One of  New York City’s delights in the summer is the free theater offered by the Public Theater in Central Park’s Delacorte Theatre. Usually it consists of two different Shakespeare plays, one that opens in June and the other in July.

To get the free tickets, you have to show up at the Delacorte in the morning and wait on line until noon, when the tickets for that evening, a maximum of two per person, are given out.

The problem is figuring out what time to get on the line; although there are many tickets given out, for a popular production it is possible to be on the line and have enough people in front of you so that the tickets run out before they get to you. There’s nothing worse than getting to the park and seeing a long long line in front of you, and wait for hours, only to be told that there are no more tickets for that evening.

If you call up the Public and ask them what would be a recommended time to get there, they are cagily unhelpful. They will refuse to suggest a time, rightly feeling, I suppose, that if they gave out a time, it would just mean that people would all show up a bit earlier than that and cause a bottleneck even earlier.

If you are 65 or over, or disabled—and they will ask for proof—you may wait instead on a “Senior” line. Each person may still get two tickets, one of which must be for Senior or a disabled person, but the other ticketholder does not have to be a Senior or disabled. But if you call up the box office about the Senior line, they still will be quite Sphinx-like concerning what time to arrive to guarantee a ticket.

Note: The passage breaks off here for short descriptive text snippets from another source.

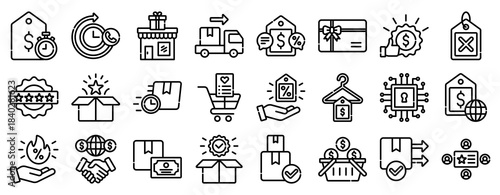 Online Discount Icon Set Collection Outline Style. Vector illustration.
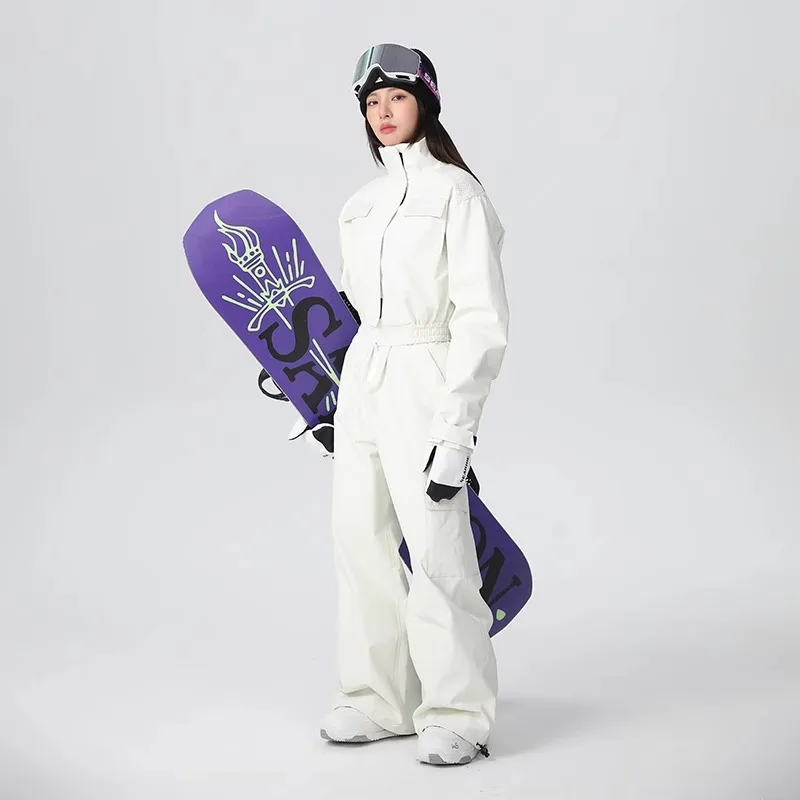 Odzież śnieżna damska 2025 nowy kombinezon narciarski ciepły snowboardowy wiatroszczelny wodoodporny damski zestaw sportowy odkryty zimowy sprzęt narciarski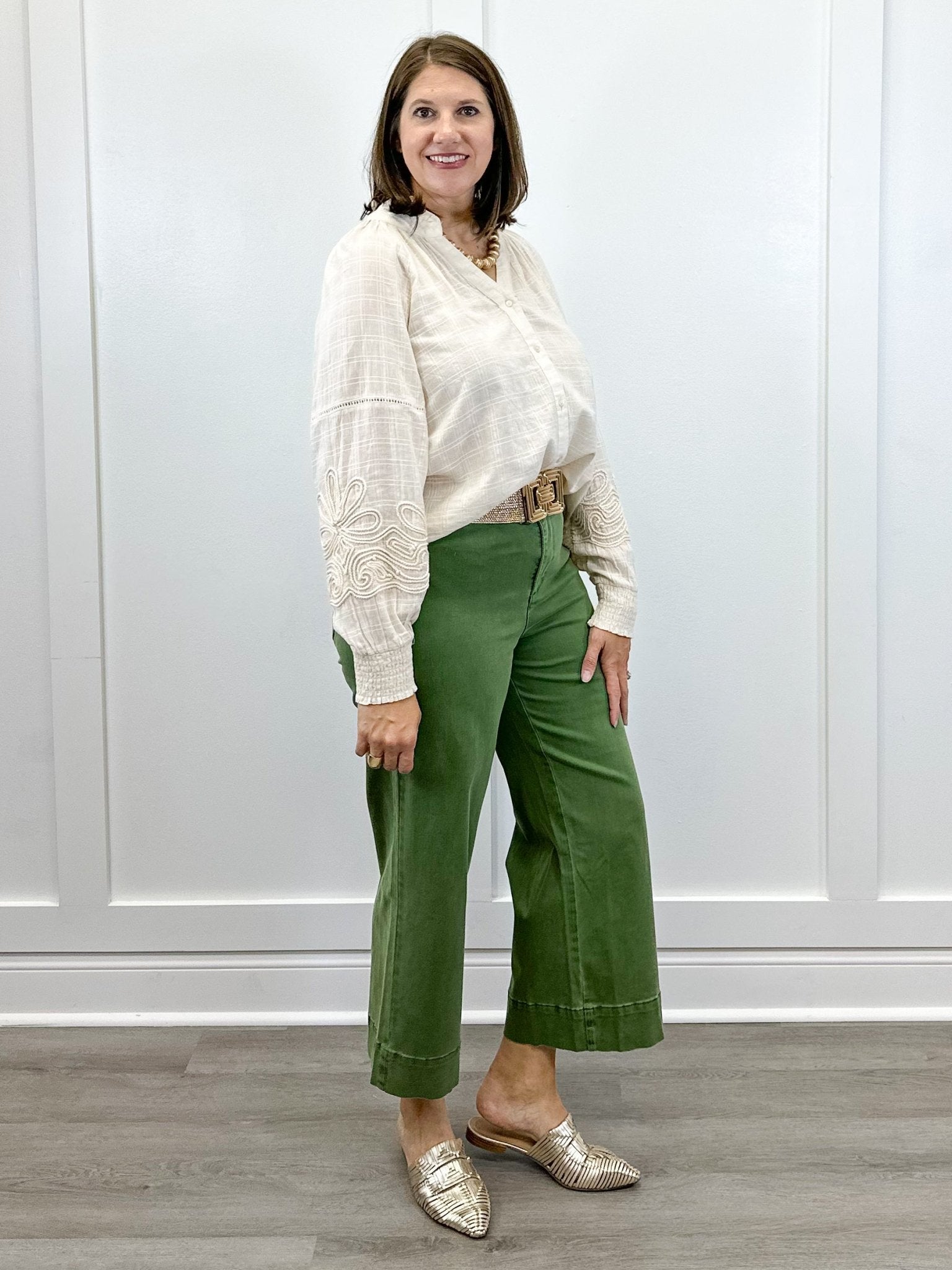 High Rise Fly Front Palazzo - Chive Pants Tribal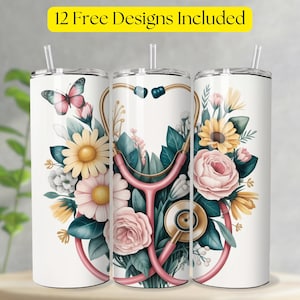 Nurse Tumbler Wrap, Floral Nurse Tumbler Wrap, Seamless Tumbler Wrap, Nurse 20oz Tumbler Wrap, Nurse Tumbler PNG Digital Download.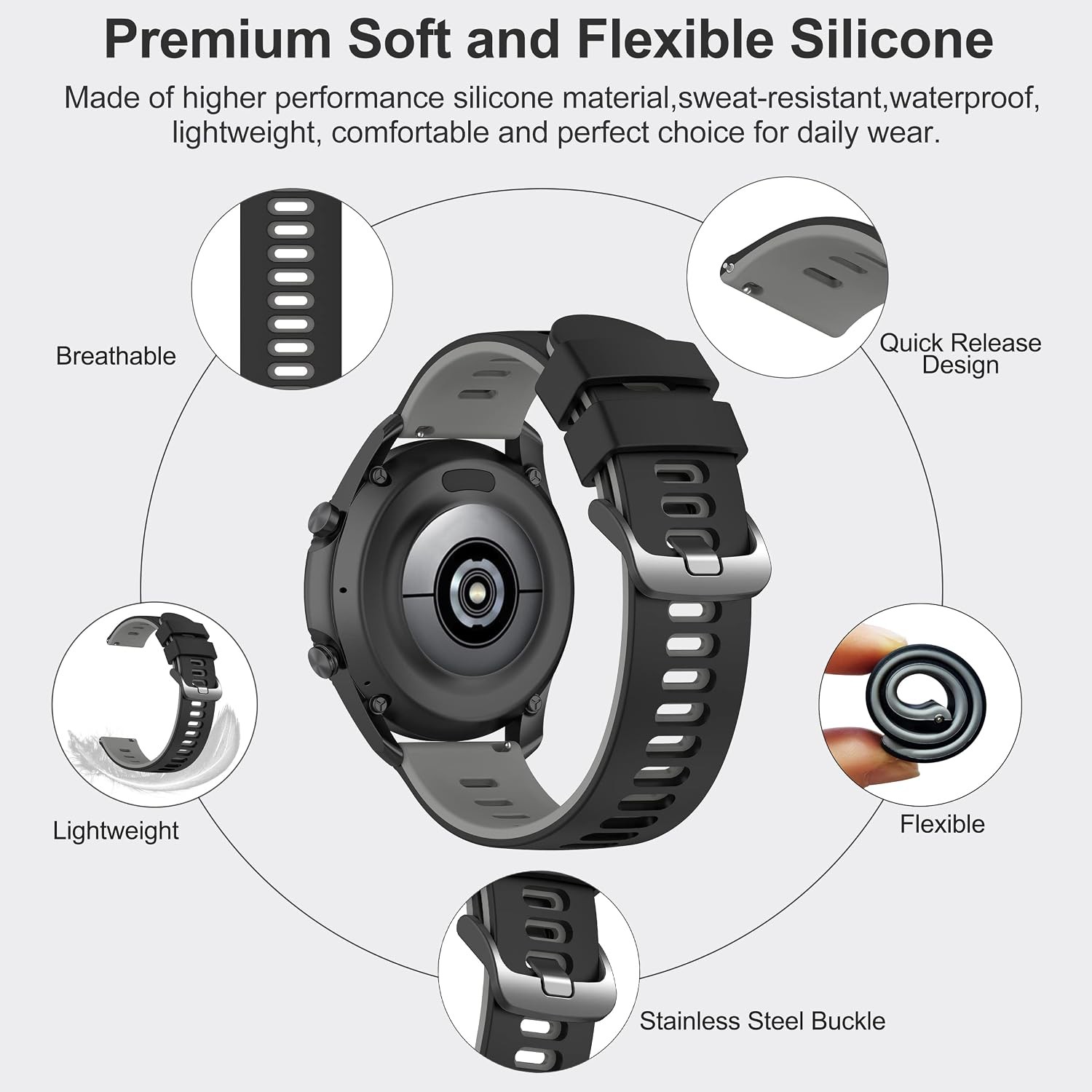 22mm Soft Silicone Strap Compatible with Samsung Galaxy Watch 3 45mm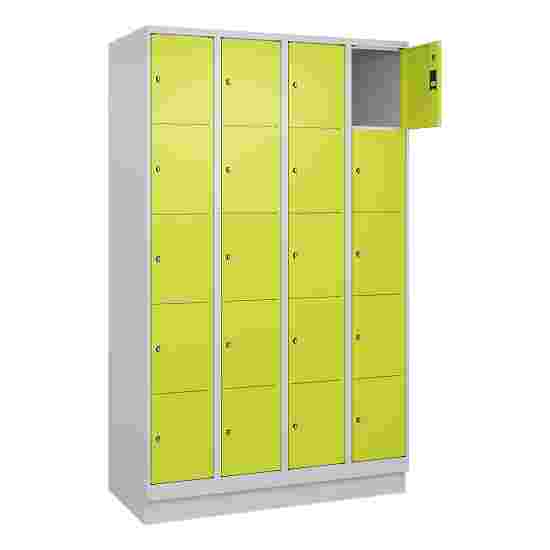 C+P Fächerschrank &quot;Classic Plus&quot;, 5 Fächer übereinander, Abteilbreite 30 cm, mit Sockel 195x120x50 cm/ 20 Fächer, Feuerrot (RAL 3000)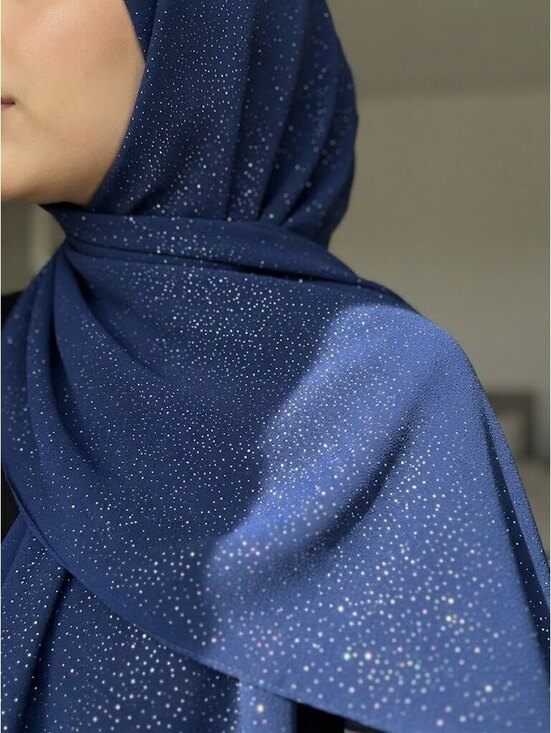 Accessories - Navy Blue Shimmer Hijab Scarf Holographic Starry Metallic Wrap Formal Shawl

So, since I waited on line today, I decided I would keep track of how many people showed up hour by hour. This way you can judge for yourself what time you might want to come.

So, a couple of caveats; the best day, hands down, to guarantee admission, is to come on a weekday while the show is in previews , before its official opening. Once the play gets its initial media reviews, even if they are not positive, potential audience members become more aware of the show and the lines get longer, earlier. With that in mind here’s what happened today, waiting to get tickets for tonight’s performance of Othello:

7:00 AM: I arrived at the park, and there were 35 people ahead of me on the regular line. There was no one on the senior line.

8:00 AM: There were now 80 people on the regular line and 10 people on the Senior line.

9:00 AM: The regular line now had 115 people waiting, and 15 were on the Senior line.

10:00 AM: The regular line grew to 140 people, and the Senior line to 30.

At this point, I stopped keeping track. But when tickets were distributed at 12 noon sharp, everyone got tickets.

I have to say this is the first time of many occasions waiting where the line seemed so short. But as I said before that is probably because it was a weekday, and the show was still in previews. Be aware that these guidelines would be very different on a weekend and once a show has been reviewed.

Hope you get to see some of the shows this summer, the productions are always fun, and a worthwhile theater experience.